_ENTRIES SUPPLIED_

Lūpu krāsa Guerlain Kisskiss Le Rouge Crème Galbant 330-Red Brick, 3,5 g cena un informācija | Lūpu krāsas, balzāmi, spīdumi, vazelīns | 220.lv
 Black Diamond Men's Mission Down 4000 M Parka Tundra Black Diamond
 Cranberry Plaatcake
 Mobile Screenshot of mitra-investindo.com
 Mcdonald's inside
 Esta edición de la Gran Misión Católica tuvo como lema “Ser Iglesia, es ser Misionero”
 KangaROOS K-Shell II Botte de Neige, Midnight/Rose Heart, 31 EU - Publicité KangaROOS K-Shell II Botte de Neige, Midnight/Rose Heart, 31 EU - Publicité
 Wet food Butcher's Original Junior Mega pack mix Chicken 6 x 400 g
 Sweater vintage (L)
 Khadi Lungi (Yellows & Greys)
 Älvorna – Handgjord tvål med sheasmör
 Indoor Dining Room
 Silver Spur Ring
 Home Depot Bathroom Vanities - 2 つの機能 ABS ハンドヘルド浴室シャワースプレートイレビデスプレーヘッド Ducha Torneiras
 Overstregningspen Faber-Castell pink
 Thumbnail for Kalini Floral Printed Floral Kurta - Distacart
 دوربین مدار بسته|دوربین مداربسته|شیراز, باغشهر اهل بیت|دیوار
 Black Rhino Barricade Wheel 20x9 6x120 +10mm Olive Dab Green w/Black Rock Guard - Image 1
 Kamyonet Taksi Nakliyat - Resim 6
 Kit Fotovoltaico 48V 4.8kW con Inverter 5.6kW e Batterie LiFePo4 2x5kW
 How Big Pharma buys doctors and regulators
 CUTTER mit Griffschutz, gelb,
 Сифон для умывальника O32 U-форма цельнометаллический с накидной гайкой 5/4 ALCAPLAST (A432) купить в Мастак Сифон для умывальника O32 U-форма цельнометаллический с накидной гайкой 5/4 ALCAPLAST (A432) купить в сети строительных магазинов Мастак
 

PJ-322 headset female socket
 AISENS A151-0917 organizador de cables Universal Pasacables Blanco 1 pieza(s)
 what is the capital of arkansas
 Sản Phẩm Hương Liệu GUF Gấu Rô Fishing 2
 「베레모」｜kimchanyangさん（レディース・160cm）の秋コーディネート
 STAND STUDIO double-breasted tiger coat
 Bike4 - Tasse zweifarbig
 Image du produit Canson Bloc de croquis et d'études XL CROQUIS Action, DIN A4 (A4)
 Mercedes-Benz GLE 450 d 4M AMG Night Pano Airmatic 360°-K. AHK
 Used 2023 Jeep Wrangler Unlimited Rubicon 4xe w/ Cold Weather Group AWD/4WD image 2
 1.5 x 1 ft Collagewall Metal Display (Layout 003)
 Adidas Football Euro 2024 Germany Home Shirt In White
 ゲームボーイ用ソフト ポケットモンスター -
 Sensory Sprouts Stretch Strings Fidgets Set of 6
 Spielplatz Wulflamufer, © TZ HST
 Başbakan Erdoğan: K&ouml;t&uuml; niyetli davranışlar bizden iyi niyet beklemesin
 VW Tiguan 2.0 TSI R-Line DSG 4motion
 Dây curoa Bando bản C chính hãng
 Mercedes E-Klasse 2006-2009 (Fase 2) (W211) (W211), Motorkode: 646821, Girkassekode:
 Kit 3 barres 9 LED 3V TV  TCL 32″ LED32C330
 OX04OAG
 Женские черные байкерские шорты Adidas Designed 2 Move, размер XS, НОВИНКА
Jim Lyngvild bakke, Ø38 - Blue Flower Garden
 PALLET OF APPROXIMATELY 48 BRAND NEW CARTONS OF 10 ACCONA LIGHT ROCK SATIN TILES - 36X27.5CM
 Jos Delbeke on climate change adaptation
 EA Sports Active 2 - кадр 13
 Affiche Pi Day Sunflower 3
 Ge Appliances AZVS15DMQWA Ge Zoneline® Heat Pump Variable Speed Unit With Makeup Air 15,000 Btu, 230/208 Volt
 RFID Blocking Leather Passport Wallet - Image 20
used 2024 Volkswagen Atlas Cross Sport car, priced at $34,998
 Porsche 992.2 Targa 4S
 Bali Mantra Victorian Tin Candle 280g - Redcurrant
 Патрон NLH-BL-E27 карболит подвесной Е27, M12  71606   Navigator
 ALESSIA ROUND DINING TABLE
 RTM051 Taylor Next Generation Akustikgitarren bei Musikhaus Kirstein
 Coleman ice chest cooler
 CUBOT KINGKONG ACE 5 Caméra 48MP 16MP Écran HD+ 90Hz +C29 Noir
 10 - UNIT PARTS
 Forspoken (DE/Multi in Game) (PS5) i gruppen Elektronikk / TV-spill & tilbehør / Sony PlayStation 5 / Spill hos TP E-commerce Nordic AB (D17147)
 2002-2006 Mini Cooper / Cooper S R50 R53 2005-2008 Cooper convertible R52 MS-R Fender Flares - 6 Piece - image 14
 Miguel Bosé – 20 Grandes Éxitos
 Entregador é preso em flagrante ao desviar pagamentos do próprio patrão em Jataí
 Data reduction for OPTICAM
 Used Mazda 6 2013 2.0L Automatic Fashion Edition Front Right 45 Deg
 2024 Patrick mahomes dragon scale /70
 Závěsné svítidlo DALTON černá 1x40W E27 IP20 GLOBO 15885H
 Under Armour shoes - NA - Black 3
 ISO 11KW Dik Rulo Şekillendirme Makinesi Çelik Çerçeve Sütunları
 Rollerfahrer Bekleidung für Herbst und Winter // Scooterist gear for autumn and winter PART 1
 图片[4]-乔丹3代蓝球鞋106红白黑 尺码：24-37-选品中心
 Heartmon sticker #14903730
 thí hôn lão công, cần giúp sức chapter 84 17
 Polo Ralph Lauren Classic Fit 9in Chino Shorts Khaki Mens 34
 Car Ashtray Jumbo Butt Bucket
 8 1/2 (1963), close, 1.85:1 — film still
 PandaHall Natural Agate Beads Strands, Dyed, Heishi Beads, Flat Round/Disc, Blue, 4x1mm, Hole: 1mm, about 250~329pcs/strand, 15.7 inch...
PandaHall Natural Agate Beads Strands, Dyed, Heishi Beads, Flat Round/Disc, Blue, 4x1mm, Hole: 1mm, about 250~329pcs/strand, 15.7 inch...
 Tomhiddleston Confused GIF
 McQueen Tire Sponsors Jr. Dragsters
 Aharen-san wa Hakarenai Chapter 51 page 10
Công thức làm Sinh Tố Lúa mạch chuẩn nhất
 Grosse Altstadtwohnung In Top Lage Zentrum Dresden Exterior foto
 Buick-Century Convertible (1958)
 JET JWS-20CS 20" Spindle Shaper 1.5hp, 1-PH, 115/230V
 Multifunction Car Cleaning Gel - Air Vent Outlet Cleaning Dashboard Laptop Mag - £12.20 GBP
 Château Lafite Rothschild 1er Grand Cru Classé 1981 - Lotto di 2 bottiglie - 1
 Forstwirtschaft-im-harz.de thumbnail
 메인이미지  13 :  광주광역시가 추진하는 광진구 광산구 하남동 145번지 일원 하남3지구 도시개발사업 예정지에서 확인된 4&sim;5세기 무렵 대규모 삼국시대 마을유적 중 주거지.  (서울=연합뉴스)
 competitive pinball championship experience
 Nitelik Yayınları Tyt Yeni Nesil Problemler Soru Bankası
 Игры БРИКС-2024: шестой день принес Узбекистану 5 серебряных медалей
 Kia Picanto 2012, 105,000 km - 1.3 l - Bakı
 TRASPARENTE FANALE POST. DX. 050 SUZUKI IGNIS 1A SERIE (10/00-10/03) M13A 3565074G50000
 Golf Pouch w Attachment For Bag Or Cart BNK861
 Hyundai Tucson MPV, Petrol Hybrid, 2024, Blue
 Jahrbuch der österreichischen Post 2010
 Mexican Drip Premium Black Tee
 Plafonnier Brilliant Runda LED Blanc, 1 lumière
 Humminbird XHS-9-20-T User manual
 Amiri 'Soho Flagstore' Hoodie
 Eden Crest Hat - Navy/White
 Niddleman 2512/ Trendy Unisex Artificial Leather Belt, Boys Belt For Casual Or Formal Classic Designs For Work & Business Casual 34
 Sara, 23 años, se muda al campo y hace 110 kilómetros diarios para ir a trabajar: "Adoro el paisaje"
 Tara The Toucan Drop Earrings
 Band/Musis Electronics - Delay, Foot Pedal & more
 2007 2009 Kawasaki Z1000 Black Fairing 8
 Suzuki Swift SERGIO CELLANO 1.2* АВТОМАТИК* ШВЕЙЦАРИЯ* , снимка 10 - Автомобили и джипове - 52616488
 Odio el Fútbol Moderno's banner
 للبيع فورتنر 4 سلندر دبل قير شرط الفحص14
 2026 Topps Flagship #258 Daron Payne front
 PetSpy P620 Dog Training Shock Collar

_WORK INSTRUCTIONS_
All that is wanted is an exact copy of the lines above from the one with "Entregador é preso" through the one with "thí hôn lão công, cần giúp sức chapter 84 17", with both ends included.

_RESULT FOR THIS EXERCISE_
 Entregador é preso em flagrante ao desviar pagamentos do próprio patrão em Jataí
 Data reduction for OPTICAM
 Used Mazda 6 2013 2.0L Automatic Fashion Edition Front Right 45 Deg
 2024 Patrick mahomes dragon scale /70
 Závěsné svítidlo DALTON černá 1x40W E27 IP20 GLOBO 15885H
 Under Armour shoes - NA - Black 3
 ISO 11KW Dik Rulo Şekillendirme Makinesi Çelik Çerçeve Sütunları
 Rollerfahrer Bekleidung für Herbst und Winter // Scooterist gear for autumn and winter PART 1
 图片[4]-乔丹3代蓝球鞋106红白黑 尺码：24-37-选品中心
 Heartmon sticker #14903730
 thí hôn lão công, cần giúp sức chapter 84 17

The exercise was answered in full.